People are excited by this phone. I’m excited by this phone dammit, even though mobile phones are one of the few gadgets that usually leave me cold, and even though I can’t even buy one in the continent where I live! The level of interest that’s been shown towards the iPhone just shows how inspired people get when someone finally goes to the trouble of doing things properly. The hardware and software fit together beautifully in a way that’s definitely not been seen before on a mobile phone.

Over the past few weeks, those of us who have been watching have learned more and more about the iPhone. Delicious little details have been revealed through adverts and informational videos posted on Apple’s website. Earlier this week, the first reviews came in and have more or less confirmed that the facts Apple have presented to us about the iPhone are all true. Undoubtedly AT&T’s EDGE network is hopeless for data transfer and everyone seems to be agreed that this is the most serious shortcoming of the iPhone. Hey, I never said it was perfect! It seems inconceivable that Apple won’t bring out a future version of the phone with 3G and that they won’t address the other shortcomings that have been widely mentioned, such as the lack of a proper SDK. Remember, this is version one of an entirely new product in an entirely new market for Apple, one that’s been years in development. They had to stop work and get it out of the door at some point.

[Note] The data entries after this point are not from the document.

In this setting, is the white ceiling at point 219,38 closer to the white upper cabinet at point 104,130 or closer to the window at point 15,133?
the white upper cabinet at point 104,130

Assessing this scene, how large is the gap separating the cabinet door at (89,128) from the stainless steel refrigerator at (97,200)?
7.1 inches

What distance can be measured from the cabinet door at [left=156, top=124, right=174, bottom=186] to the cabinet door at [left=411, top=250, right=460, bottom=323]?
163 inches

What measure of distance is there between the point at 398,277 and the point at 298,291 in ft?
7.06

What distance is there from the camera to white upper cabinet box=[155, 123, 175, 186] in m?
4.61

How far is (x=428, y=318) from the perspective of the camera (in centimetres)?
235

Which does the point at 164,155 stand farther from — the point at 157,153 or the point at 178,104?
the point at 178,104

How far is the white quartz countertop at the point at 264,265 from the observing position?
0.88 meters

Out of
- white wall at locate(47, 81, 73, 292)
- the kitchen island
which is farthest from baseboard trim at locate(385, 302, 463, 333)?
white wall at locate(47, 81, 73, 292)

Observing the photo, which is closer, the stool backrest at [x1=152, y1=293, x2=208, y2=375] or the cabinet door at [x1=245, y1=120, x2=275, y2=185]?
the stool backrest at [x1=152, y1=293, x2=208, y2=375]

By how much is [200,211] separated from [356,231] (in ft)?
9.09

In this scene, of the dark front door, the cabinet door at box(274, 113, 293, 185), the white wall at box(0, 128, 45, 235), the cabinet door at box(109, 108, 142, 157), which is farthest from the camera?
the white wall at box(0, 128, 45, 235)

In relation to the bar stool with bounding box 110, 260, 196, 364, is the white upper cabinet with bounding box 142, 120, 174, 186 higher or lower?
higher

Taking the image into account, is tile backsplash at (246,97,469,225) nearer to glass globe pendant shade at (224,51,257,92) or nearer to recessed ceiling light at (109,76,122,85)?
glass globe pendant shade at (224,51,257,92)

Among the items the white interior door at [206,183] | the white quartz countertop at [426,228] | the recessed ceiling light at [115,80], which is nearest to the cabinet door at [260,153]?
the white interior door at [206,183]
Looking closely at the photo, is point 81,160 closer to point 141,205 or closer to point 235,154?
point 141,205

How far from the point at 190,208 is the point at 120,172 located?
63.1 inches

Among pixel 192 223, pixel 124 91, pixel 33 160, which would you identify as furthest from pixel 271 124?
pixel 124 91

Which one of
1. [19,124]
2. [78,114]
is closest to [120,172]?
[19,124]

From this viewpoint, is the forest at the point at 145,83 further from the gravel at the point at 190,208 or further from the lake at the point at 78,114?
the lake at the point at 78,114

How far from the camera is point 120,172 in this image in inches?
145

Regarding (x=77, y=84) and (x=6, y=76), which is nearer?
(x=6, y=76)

I recently bought a Motorola RAZR which is a fine phone in many ways, deservedly popular and undoubtedly the best out of the three mobile phones that I’ve ever owned. I love the slimness of it and the one-piece keyboard that looks like it’s been machined out of metal. The battery goes on and on and on. The phone’s software is where it falls down though. It’s not terrible, I’ve found my way around it easily enough and can do everything I need to do. There are lots of little quirks though and features that I just don’t really understand. That means that I don’t feel entirely in control of it, which is not good for something I’ve paid money to own.

Let me give you an example of one of these quirks. When I’m sending a text message I press the soft key under Send To and get a list of my contacts. So far so good. Next, I scroll to the contact I want and press the same soft key which now represents Send. Only it doesn’t work because I first have to click the button in the centre of the cursor keys to select the contact before I can send them my message. In other words, the user interface for sending text messages is optimised for the send to multiple contacts use case. It works great for this, only that’s something I never do. In fact, I can’t think of a single occasion when I’ve sent a text message to more than one person at the same time.

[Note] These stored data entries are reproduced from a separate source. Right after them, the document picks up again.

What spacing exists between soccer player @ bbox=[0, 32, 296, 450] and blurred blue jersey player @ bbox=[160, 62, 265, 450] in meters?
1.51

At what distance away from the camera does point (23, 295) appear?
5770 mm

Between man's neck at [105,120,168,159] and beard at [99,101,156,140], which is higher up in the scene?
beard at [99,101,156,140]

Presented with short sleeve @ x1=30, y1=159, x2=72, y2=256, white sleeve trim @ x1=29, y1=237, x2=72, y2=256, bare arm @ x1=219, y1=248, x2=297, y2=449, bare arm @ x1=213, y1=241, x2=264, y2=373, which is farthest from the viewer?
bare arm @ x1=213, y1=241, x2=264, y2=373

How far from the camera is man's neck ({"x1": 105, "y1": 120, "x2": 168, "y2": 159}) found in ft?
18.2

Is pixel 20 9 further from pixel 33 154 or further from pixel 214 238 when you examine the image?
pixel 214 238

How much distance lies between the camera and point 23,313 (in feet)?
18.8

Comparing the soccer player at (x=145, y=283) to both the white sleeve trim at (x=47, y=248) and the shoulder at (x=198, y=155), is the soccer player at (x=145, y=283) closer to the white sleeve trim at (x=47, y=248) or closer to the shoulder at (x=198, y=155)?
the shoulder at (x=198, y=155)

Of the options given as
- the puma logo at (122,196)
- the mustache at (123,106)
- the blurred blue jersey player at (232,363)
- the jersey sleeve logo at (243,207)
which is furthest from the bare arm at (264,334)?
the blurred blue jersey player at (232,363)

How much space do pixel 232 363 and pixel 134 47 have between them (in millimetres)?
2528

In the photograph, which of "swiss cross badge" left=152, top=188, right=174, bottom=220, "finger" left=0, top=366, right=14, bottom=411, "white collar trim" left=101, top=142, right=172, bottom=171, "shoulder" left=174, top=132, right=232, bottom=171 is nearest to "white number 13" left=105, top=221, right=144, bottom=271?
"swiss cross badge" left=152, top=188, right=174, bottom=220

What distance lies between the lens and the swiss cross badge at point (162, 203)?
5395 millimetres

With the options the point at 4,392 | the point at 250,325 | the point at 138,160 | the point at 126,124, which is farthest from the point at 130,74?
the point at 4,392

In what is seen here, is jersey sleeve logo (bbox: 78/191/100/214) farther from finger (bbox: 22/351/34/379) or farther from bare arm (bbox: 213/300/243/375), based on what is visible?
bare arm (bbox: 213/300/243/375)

There are some features on my RAZR whereby I haven’t a clue what they are, or if I do have an idea then I don’t know how to use them, and that means I’m afraid to find out in case I can’t undo whatever it is I just did. I’ve even looked in the instruction booklet, but that just gives you the steps needed to access the feature without telling you what it actually is. Here’s a brief list of bafflers:

  • Show ID/Hide ID - whose ID?
  • Add Digits - what digits am I adding and to what?
  • Talk then Fax - how?
  • Notepad - something to do with phone numbers
  • Info Services
  • Cleanup Messages - how does it choose which messages to clean up?
  • DTMF: Long

—It’s enough to turn even the most ardent technophile into a technophobe! The difference with the iPhone is that if I were to somehow find one lying about then I know that I could pick it up and use all of its features straight away. Based on watching Apple’s videos, there’s not a single aspect to the phone that looks awkward or difficult to use. Everything seems obvious and natural and as it should be.

As I said before, there are no dark crevices. You get to this happy position by obsessing over the details again and again and again until they’re right and until they make sense. Sadly, only Apple seem to be doing that at the moment. They’ve even thought about the experience of buying the iPhone. You pick one up, pay for it, take it home and then activate it on your computer through iTunes. What you don’t have to do is spend twenty minutes sat with some dodgy acne-ridden youth who was the first to accost you as you stepped over the threshold and into the store. Sat bored whilst he takes you through the phone’s features and sets it up, all whilst smearing your new purchase with his sweaty fingerprints! Seriously, everyone has to earn a living but it’s great that Apple have eliminated another completely unnecessary part of the mobile phone experience along with crap usability.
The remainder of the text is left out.